Of these two apparently opposing ideas – punishment and psychology – the latter seems the more logical, dare I say, scientific. So with this argument, and the ones in the preceding chapters, I’m going to push on, taking as a given at least as my premise, that unpleasantness, only different from trauma by a matter of degree, damages people rather than improving them.
OK, the use of punishment has looked like it works, you punish someone and the unwanted behaviour appears to stop – but does it? Do we think a punished child becomes a model citizen forever afterwards? Do we think a punished adult ceases his criminal behaviour and goes on as a saint? I don’t think even the most energetic of my unconvinced audience thinks that, do they? So again, unpleasantness makes people worse, less functional, rather than improving them. Having said that, I want to extrapolate that whomsoever punishes a person the most, does the most damage.
If one’s parents are active participants in the practice, the culture of punishment, then I feel I must say, that the parent who does the more parenting, very often the most punishing, must be the parent causing the most unpleasantness, the most trauma, the most damage. And, sorry to say, in my world, probably in most of the world, it’s Mom doing most of the parenting. Certainly many fathers are responsible for horrible trauma, perhaps the more serious punishments are administered by the father in some families, but basically, day-to-day parenting and punishing, falls to mothers. This is especially true during the earliest years of the child’s life. Uninvolved fathers are bad in many ways, of course. Neglect is a form of abuse, there is the lack of male modelling, but there is the other side too: if parenting means punishing to the mother, and if she overdoes it, then Dad’s neglect is downright dangerous, he can be rightly accused of not protecting his kids from some hands-on abuse. Also, if he’s not helping, then the mother can become stressed out, also not a good thing for a parent who already thinks punishing kids, that is, hurting kids, is good for them. So yes, that is what I’m saying: in the culture of punishment, your mother is probably doing you more harm than your father. Dad’s no saint, don’t get me wrong, he’s letting her do it, often participating . . . but the myth that needs busting here, is Mom’s sainthood. Having said THAT, the other ramifications of this are the more important thing. Blame is even, one does it, one allows it, and sometimes they trade off. I don’t make this point to place blame; this isn’t about the trauma of children.

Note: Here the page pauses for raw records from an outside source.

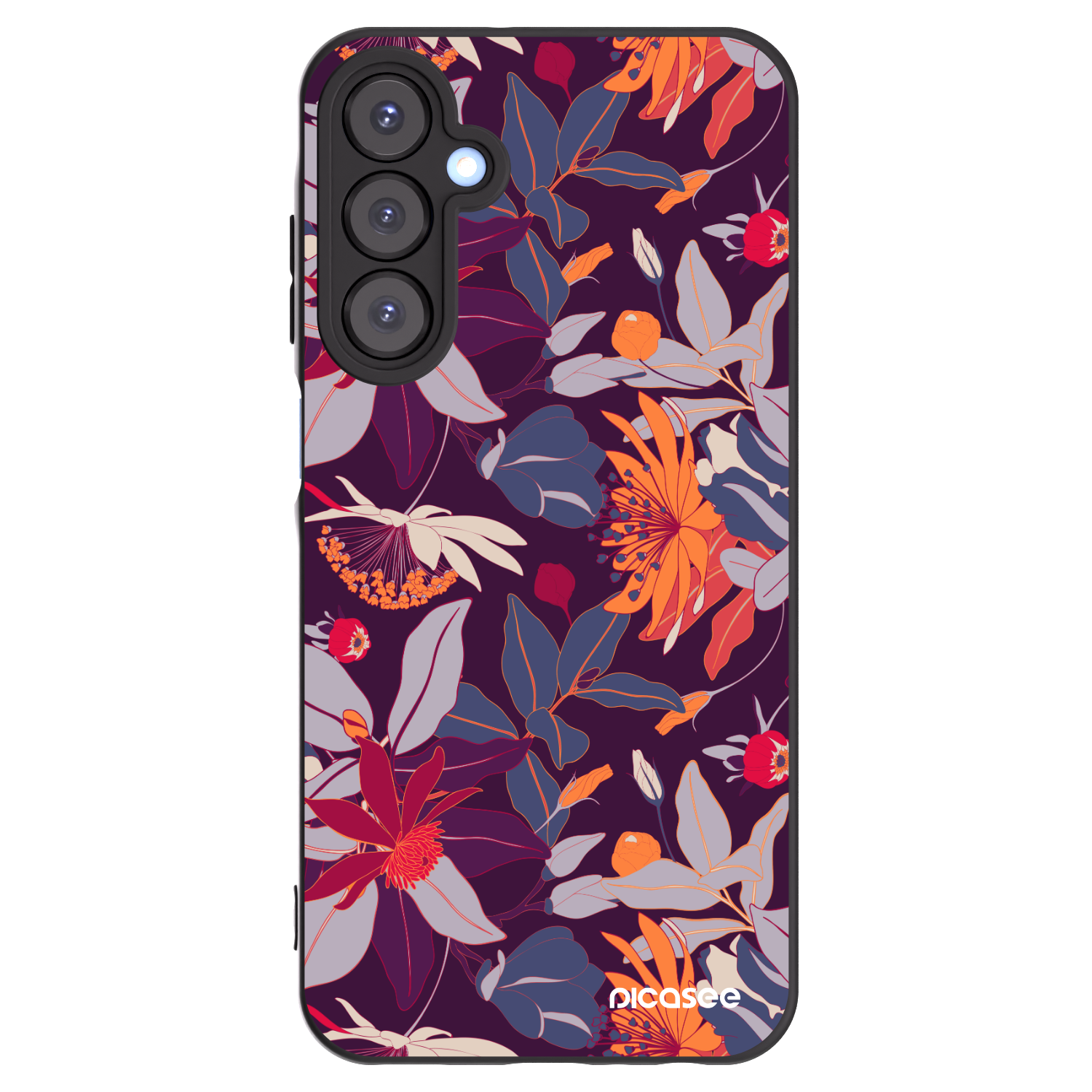 Picasee Samsung Galaxy A25 A256B 5G Hülle - Schwarzes Silikon - Purple Leaf
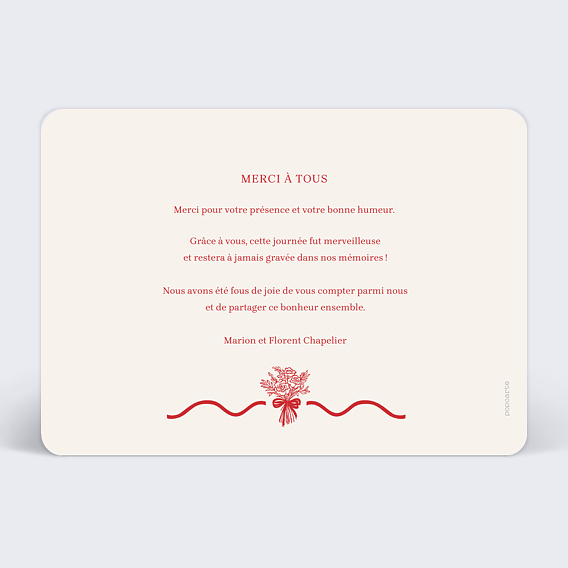 Carte remerciement mariage Illustration Bouquet Verso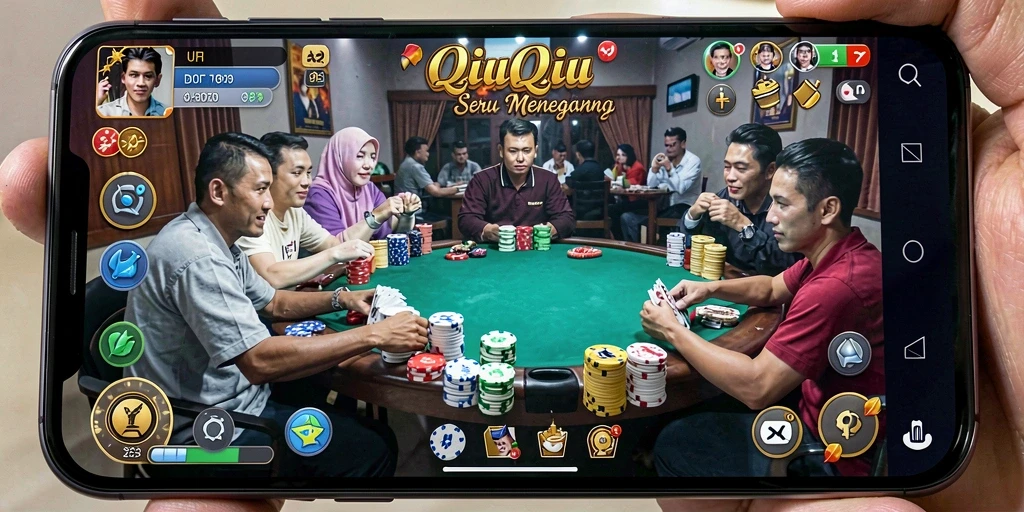 Screenshot gameplay PAKARJP menampilkan momen seru dalam permainan QiuQiu.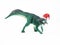 Psittacosaurus Dinosaur with Christmas hat on white background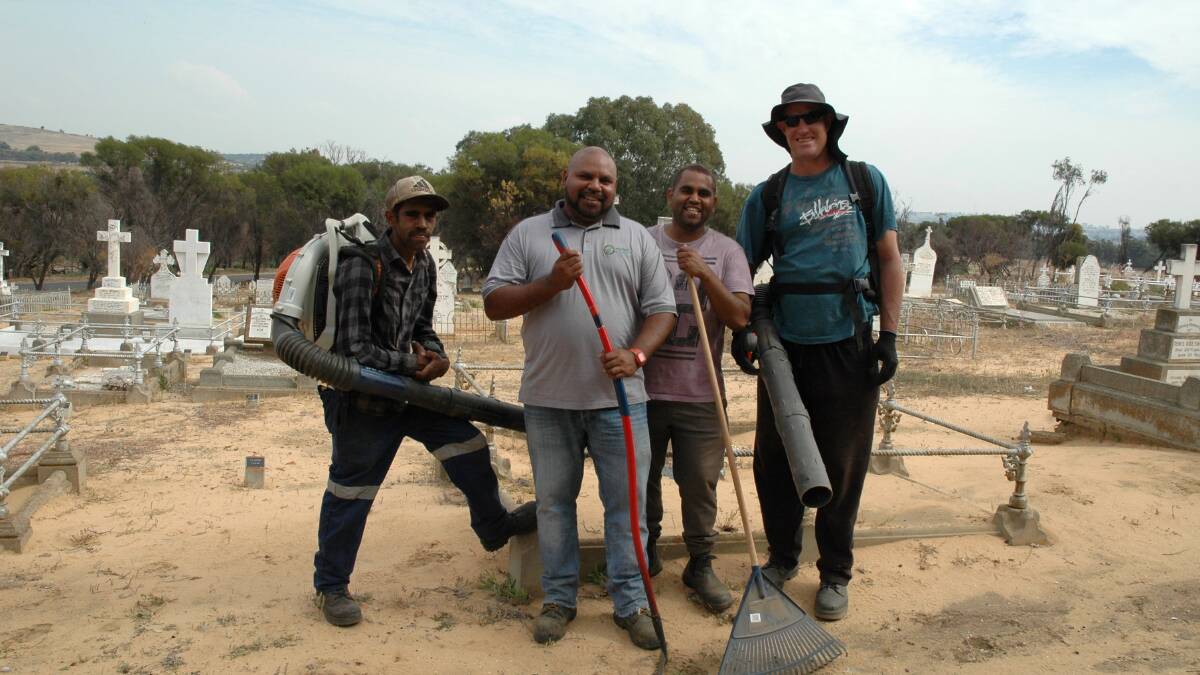 Part of the Noongar Boodja ranger team cleaning the Northam Cemetery. (L-R) George Garlett, Jermaine Davis and rangers Tom Garlett and Jason Jones.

This principle, that mothers raise the children, that mothers punish the children, this is the root of misogyny, the root of violence against women. We love our mothers, we love our system of punishment, we all hold the family unit as a sacred, ancient tradition, but that is the surface of it all. That is only what we say, what we think we feel, but the dark side is this:
We all know who punished us, we know who damaged us. Violence against women is a trend, a tendency, it is far more prevalent than the incidence of extreme abuse would indicate, the expression of infantile rage against the one who hurt us, that is the great secret. This is another piece of the great puzzle of life that falls into place when you work from the premise that punishment is violence.

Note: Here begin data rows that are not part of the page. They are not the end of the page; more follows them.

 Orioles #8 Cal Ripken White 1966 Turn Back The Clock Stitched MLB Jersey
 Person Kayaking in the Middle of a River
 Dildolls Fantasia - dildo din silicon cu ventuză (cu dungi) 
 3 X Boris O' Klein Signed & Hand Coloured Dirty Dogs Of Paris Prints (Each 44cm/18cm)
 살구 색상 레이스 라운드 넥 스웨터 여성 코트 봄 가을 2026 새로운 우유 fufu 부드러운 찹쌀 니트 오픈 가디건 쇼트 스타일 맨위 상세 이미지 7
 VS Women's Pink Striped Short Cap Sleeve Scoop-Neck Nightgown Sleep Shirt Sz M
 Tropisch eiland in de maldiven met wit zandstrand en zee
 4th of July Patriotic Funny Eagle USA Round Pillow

The culture of punishment in which we live has turned the most natural, organic beautiful thing in the world, mother love, into a violent act, and one which brings a terrible vengeance to the half of humanity we should all hold sacred, our mothers. Now to blame. Women, putting the blame for misogynist violence on men isn’t working; stop spanking your sons. Men, you’re not fixing it either. Stop making your women “correct” your sons. This is the issue. Violence breeds violence.
The hand that rocks the cradle rules the world. Women, your safety, the safety of your daughters and grand-daughters is in your hands. Hurting kids, dishing out unpleasantnesses, damages them, it doesn’t help them, and it doesn’t help women. Help your kids, help yourselves, give up your punishing ways. Love looks like love, and it doesn’t invite revenge.